Grindr: Grindr Xtra es una manera simple, rápida y gratuita de encontrar chicos gays, bi o curiosos para salir, socializar y hacer amigos usando el iPhone. Identifica la ubicación física y permitirte subir fotos y chatear con los chicos que estén más cerca. Está prevista la salida de la app para heterosexuales.
Qrush: Aplicación bastante sencilla, exclusiva para chicas que buscan conocer a otras chicas. Tiene, su chat, un apartado donde leer noticias, un administrador de la aplicación y un apartado en el que ver los perfiles de las chicas que se encuentran alrededor de la zona de la persona que lo usa, organizadas por orden de cercanía.

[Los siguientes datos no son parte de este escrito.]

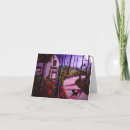 Search for owl halloween cards Black cat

Ashley Madison: Ashley Madison ofrece la posibilidad de conectarse desde cualquier punto del mundo para poder tener una infidelidad a la carta. El avance de la tecnología y el poder acceder a la web desde un teléfono móvil privado es una de las mejores ventajas que ofrece Ashley Madison para sus usuarios, ya que protege todavía más la privacidad del registrado y no deja huellas digitales en el ordenador personal.

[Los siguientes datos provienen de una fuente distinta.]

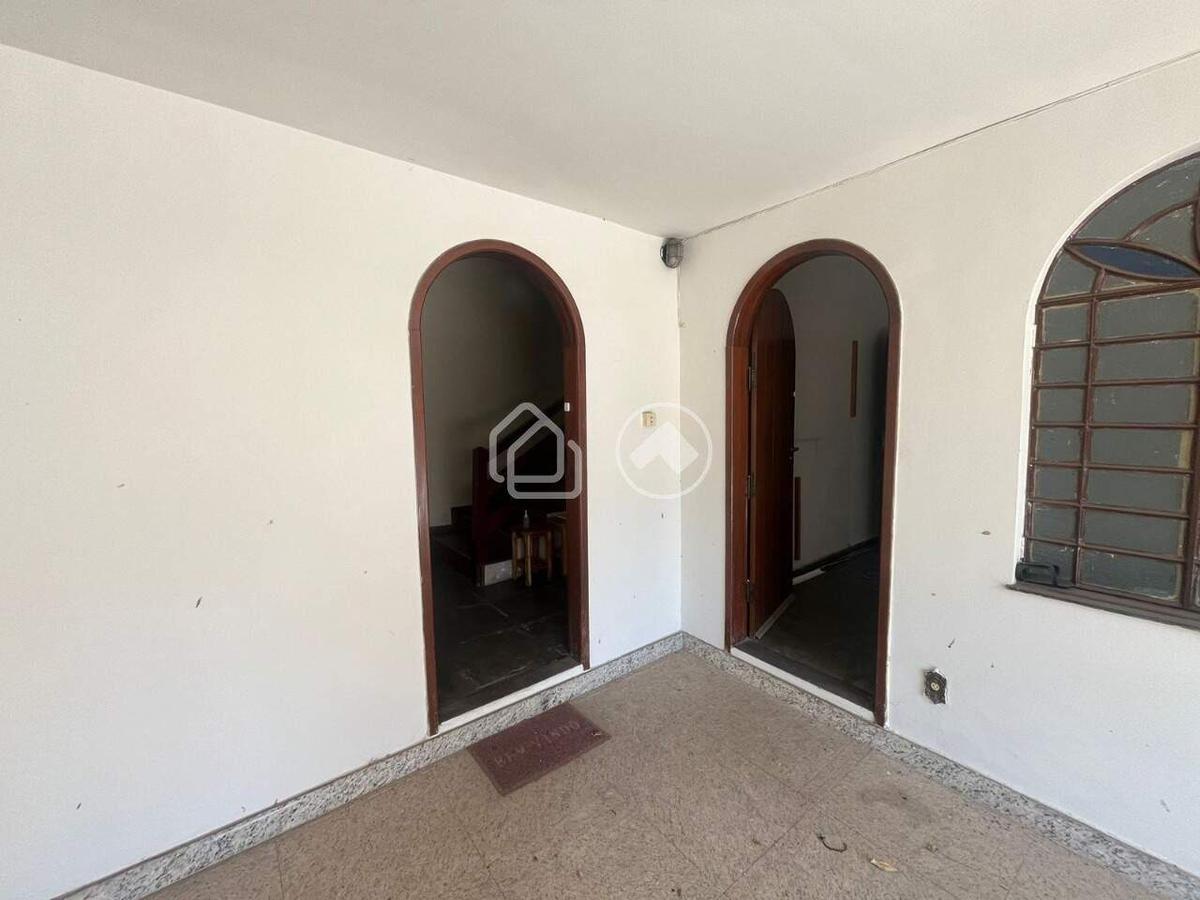Casa, Mangabeiras, 4 Quartos, 4 Vagas, 1 Suíte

Breakupnotifier: Aplicación para Facebook. Avisa por email cuando la chica o chico que a unx le gusta vuelve a estar solterx. Después de indicar los perfiles de la red social en los que unx está interesadx, breakupnotifier analizará el estado hasta detectar un cambio, momento en el que avisará que ya se puede empezar a desplegar todos los encantos.
Aplicaciones para parejas:
Couple, Avocado y Between: tienen un calendario propio, un chat privado y la posibilidad de intercambiar archivos.
SimplyUs: ayuda a organizar las tareas domésticas, con listas y recordatorios.
Kindu: reaviva la pasión, contiene propuestas de juegos y retos sexuales.
Fix a Fight: transmite el estado de ánimo a la pareja y ofrece consejos para reparar la situación.
Desrire42: potenciar la sexualidad como un juego.
Happyweek: un calendario lleno de propuestas sorpresa destinadas a cuidar una relación.
7. La sexualidad en las mujeres mayores (a partir de los 50)
En 2013 Freixas publicó una investigación que había realizado sobre una muestra de 730 mujeres de 50 años en adelante con la que mostró que ni la sexualidad ni el deseo desaparecen nunca, particularmente si estas tienen una relación empática y amorosa, con complicidad e intimidad; que son el sustrato sobre el que apoyan el deseo; también encontró que el 40% de las mujeres de 70 años de la muestra practican la masturbación.
También, que tienen una visión de la pareja “desidealizada”. Muchas ya han vivido muchas cosas. Valoran la compañía, el cuidado, el hecho de tener pareja, pero muchas desean relaciones con compromiso afectivo, pero sin cotidianeidad. Buscan una persona empática, cariñosa, afectiva, que respete la libertad, y que sea afín en valores y aficiones; otras, las menos, desean un encuentro sexual sin compromiso afectivo.
En el otro extremo, a muchas no les resulta fácil tener o desear una vida sexual, por múltiples razones, entre otras, porque les cuesta aceptar el autoerotismo, o porqué ni lxs hijxs ni las residencias (en caso de vivir en estos contextos) facilitan la sexualidad.